» Assignment:
Among the entries below, find the line with "Nůž na maso 23 cm Zwilling TANREI_2", then quote it and each following line up to and including the line with "Limited Edition Rose Gold Safety Razor", and nothing else.

» Records for the task:
--------------------------------------------------

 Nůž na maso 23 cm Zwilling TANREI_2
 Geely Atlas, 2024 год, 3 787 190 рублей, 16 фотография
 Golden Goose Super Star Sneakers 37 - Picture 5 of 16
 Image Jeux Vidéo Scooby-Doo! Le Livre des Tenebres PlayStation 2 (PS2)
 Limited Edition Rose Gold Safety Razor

--------------------------------------------------

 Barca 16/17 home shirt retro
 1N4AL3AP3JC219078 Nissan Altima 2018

--------------------------------------------------

» Reply:
 Nůž na maso 23 cm Zwilling TANREI_2
 Geely Atlas, 2024 год, 3 787 190 рублей, 16 фотография
 Golden Goose Super Star Sneakers 37 - Picture 5 of 16
 Image Jeux Vidéo Scooby-Doo! Le Livre des Tenebres PlayStation 2 (PS2)
 Limited Edition Rose Gold Safety Razor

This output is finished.